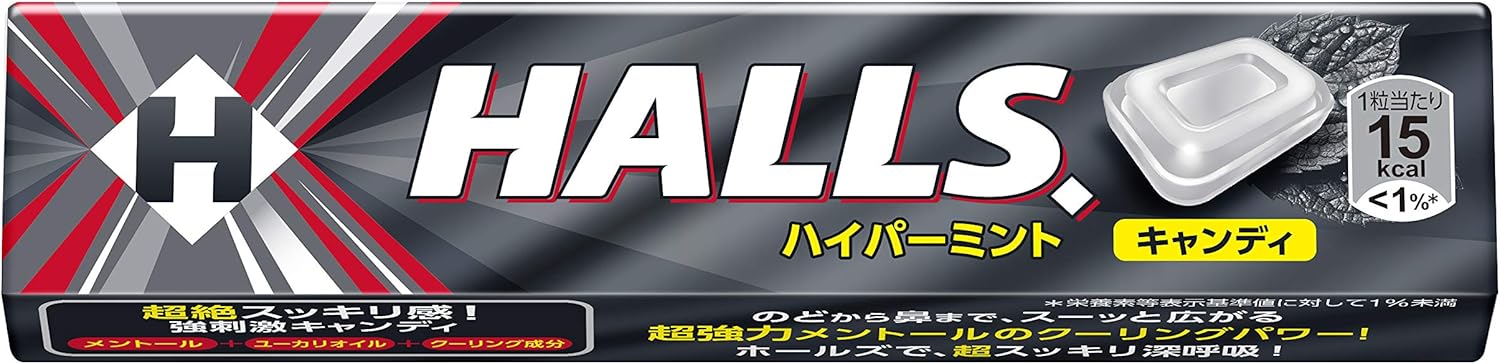 ホールズ ハイパーミント 12粒×15個（モンデリーズ）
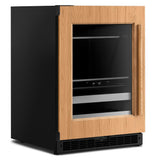24" Panel-Ready Beverage Center
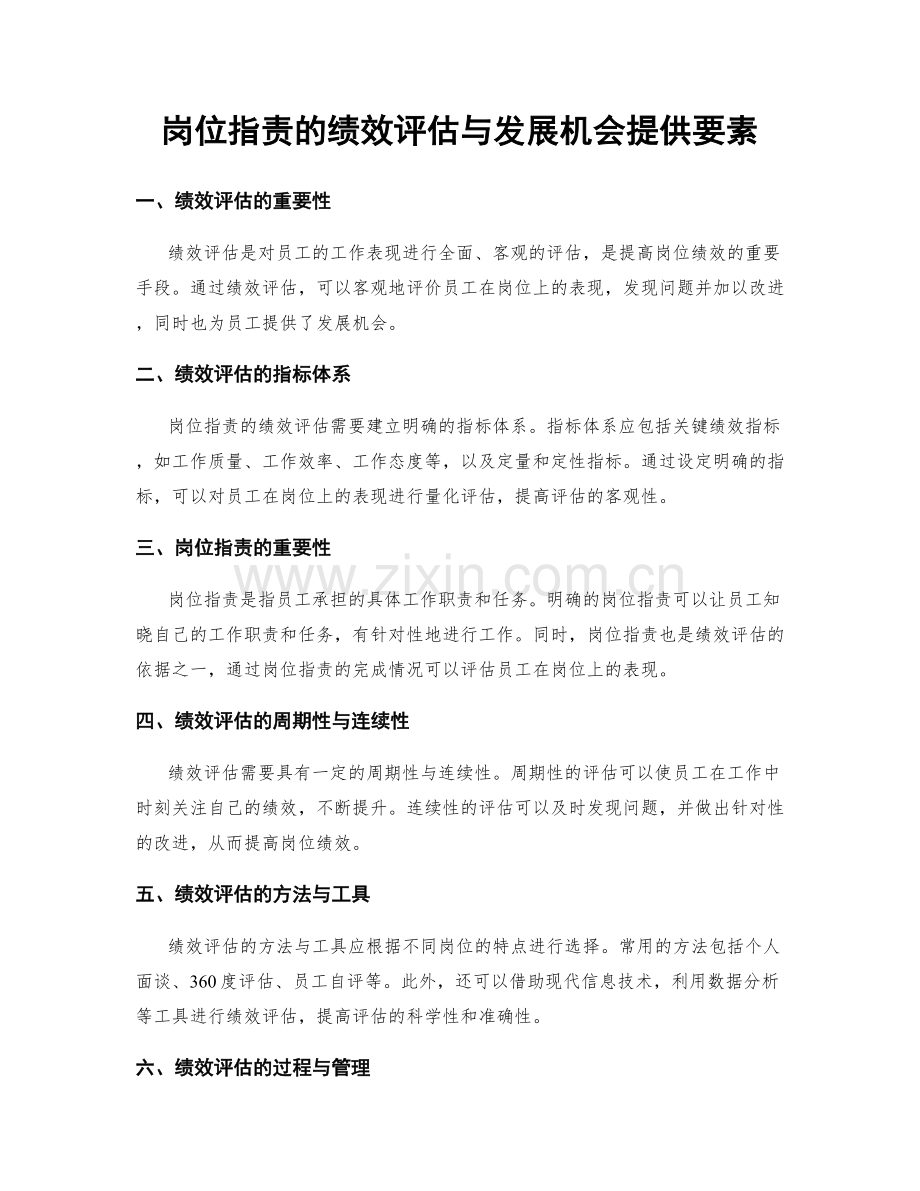 岗位职责的绩效评估与发展机会提供要素.docx_第1页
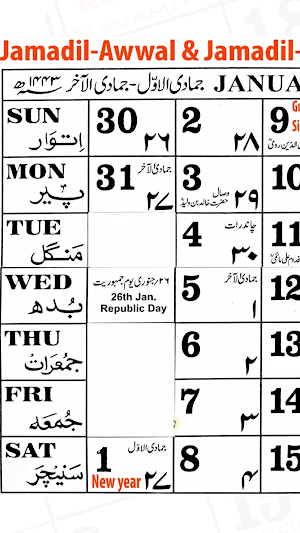 Urdu & Islamic Calendar 2022 ( Offline) Screenshot 3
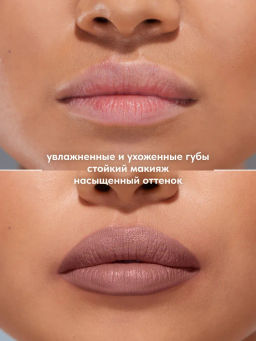 Stellary Помада для губ Устойчивая RICH NUDE тон 17 supernatural  фото 8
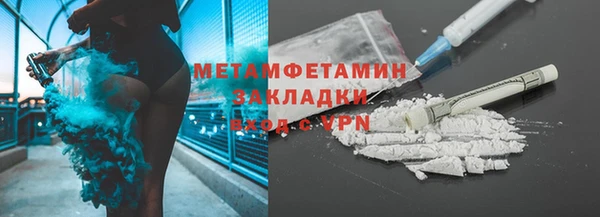 гашиш Белокуриха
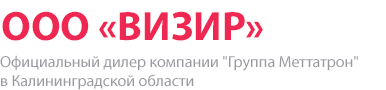 ВИЗИР- надежный поставщик электронных компонентов, термоусадочной и кабельной продукции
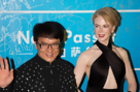Nicole Kidman's Fat Out Style in the Far East!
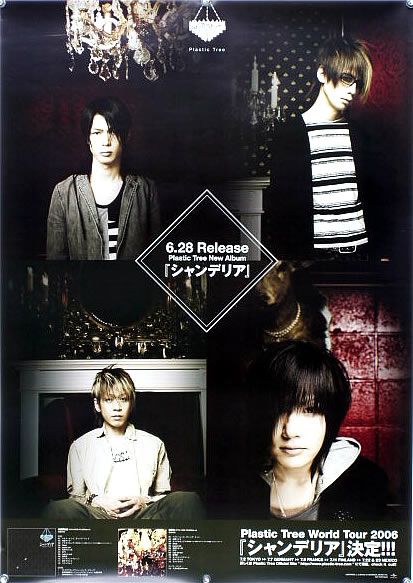 2025年最新】Yahoo!オークション -plastic tree ポスター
..............................
Exercise:
Take the line containing "гашиш Белокуриха" through the last line of the material and retype exactly those lines, both ends included, with no pictures.

Response to the task:
 гашиш Белокуриха
 ВИЗИР- надежный поставщик электронных компонентов, термоусадочной и кабельной продукции
Nicole Kidman's Fat Out Style in the Far East!
 2025年最新】Yahoo!オークション -plastic tree ポスター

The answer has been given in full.